Aku berdeham dan menoleh, membuat orang yang memanggilku tersenyum memperlihatkan deretan giginya. Dia mendekatkan bangkunya ke sampingku.

"Ajarin bikin tugas matematika, dong." Pinta Hoshi.

"Hari ini aku gak bisa." Jawabku malas-malasan dan mengalihkan wajahku. Menatap papan tulis kosong di depan.

"Bisanya kapan?" Tanyanya lagi sambil mencolek-colek bahuku, kebiasaannya. Hoshi tidak suka jika lawan bicaranya tidak menatapnya, seperti aku sekarang. Maka sebisa mungkin, dia akan membuat lawan bicaranya berbalik menghadapnya dan memerhatikannya.

"Nggak tau. Aku lagi sibuk." Jawabku masih dengan malas-malasan. Aku mulai membuka buku paket biologi yang ada di depanku, membolak-baliknya.

"Ayo dong sempetin.
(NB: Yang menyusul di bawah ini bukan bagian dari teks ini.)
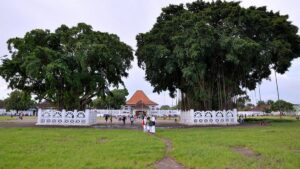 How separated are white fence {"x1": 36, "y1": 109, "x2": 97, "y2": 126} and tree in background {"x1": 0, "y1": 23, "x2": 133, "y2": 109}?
216cm

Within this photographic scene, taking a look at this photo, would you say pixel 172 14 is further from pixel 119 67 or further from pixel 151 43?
pixel 119 67

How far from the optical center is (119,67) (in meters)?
33.4

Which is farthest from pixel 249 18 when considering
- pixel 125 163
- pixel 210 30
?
pixel 125 163

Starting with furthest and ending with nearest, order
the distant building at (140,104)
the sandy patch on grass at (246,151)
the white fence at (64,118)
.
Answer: the distant building at (140,104)
the white fence at (64,118)
the sandy patch on grass at (246,151)

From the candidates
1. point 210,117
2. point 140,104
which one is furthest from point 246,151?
point 140,104

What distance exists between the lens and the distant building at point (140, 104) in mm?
64125

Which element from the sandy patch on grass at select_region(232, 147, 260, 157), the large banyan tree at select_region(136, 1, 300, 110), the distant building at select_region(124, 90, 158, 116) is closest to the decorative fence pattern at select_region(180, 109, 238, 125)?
the large banyan tree at select_region(136, 1, 300, 110)

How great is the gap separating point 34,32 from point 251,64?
67.8 feet

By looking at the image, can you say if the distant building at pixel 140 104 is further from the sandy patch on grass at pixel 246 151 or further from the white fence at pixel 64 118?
the sandy patch on grass at pixel 246 151

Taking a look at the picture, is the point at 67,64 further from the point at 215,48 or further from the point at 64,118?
the point at 215,48

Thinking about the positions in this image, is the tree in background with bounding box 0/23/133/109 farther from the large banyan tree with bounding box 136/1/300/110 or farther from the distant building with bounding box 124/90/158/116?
the distant building with bounding box 124/90/158/116

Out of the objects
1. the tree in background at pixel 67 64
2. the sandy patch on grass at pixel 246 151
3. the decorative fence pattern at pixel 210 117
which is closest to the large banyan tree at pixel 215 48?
the decorative fence pattern at pixel 210 117

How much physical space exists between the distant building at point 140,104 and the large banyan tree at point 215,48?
27.7 m

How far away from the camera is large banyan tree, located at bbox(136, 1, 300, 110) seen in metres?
29.1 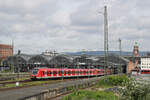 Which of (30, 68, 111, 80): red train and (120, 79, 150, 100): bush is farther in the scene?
(30, 68, 111, 80): red train

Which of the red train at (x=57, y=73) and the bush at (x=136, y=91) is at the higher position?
the bush at (x=136, y=91)

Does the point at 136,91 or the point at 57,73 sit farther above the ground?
the point at 136,91

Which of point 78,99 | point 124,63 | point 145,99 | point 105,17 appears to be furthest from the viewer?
point 124,63

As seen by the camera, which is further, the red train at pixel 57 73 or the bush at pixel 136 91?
the red train at pixel 57 73

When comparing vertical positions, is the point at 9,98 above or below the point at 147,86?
below

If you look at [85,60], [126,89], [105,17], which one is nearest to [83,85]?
[105,17]

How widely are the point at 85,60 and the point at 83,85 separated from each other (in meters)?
64.0

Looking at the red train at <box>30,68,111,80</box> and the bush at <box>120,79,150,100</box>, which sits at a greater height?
the bush at <box>120,79,150,100</box>

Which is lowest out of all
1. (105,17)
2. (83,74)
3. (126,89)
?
(83,74)

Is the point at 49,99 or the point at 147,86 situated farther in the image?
the point at 49,99

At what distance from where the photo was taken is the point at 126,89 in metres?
13.4

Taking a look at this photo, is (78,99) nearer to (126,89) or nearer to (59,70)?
(126,89)

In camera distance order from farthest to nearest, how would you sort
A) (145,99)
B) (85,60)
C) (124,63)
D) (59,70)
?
(124,63) < (85,60) < (59,70) < (145,99)

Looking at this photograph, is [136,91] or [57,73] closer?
[136,91] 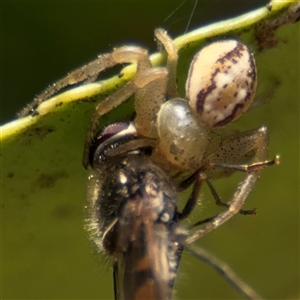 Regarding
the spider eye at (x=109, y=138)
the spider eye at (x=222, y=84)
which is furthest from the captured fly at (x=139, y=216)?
the spider eye at (x=222, y=84)

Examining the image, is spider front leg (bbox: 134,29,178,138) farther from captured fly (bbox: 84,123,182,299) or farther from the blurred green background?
the blurred green background

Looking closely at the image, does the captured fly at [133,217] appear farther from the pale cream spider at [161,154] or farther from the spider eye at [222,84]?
the spider eye at [222,84]

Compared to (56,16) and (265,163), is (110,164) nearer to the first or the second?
(265,163)

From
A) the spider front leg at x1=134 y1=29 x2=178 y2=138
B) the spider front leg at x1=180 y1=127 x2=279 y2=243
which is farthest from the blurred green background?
the spider front leg at x1=134 y1=29 x2=178 y2=138

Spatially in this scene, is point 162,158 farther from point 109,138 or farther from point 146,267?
point 146,267

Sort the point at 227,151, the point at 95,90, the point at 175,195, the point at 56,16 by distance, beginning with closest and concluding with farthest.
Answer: the point at 95,90, the point at 175,195, the point at 227,151, the point at 56,16

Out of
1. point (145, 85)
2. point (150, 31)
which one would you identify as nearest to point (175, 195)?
point (145, 85)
Aku kan juga mau pinter." Bujuknya masih dengan colekan di bahuku.

"Bisa gak kalo minta ajarinnya sama yang lain? Harus banget aku gitu?!" Seruku sebal. Bukan-bukan, aku sama sekali tidak kesal dengannya. Jistru aku sangat senang saat dia selalu minta diajari membuat tugasnya. Tapi seperti tadi yang aku bilang, reflekku terhadapnya adalah marah. Aku selalu marah jika dia menggangguku seperti ini.

"Ck, selalu aja kayak gitu." Katanya ikutan sebal dan menarik bangkunya kembali ke tempat semula dan beranjak pergi

Aku merasa tidak enak hati jika sudah memarahinya seperti tadi. Aku seperti manusia paling munafik yang menolak kesempatan untuk lebih dekat dengan orang yang kusukai. Masalahny, kesempatan itu datangnya berkali-kali, tqpi responku tetap sama, ya walaupun tidak semuanya kutolak, sih.

"Lo tau kalau dia gak pernah bisa belajar sama yang lain kecuali sama lo, bahkan sama guru, Nup." Suara dari sebelah kiriku membuat fokusku terhadap Hoshi terputus.

Seila menatapku dengan tatapannya yang menyebalkan seperti biasa. "Nupi, lo tau gak kalo lo tuh munafik?" Tanyanya kemudian.

"Tau." Ucapku dalam hati.

"Dia udah dengan jelasnya ngasih kesempatan buat lo, tapi lonya selalu nolak dan menghindar. Kalau dia ngejauh, baru tau rasa lo!" Serunya cepat dan menggebu-gebu.

Aku hanya diam saja sambil masih membolak-balik buku biologiku. Tanpa kubaca.

Apasih yang dia bicarakan?! Dia selalu mengira kalau Hoshi memiliki perasaan istimewa terhadaku hanya karena Hoshi sering meminta bantuanku mengerjakan tugas. Kalau begitu, bagaimana dengan gadis-gadis lain yang sering diacak bicara, diajak jalan, makan, dan berlibur bersamanya? Haha jelas saja aku kalah dengan gadis-gadis beruntung itu! Aku hanyalah tutornya. Ya, aku selalu menyebut diriku tutornya. Dan hal itu berhasil membuat Seila kesel padaku.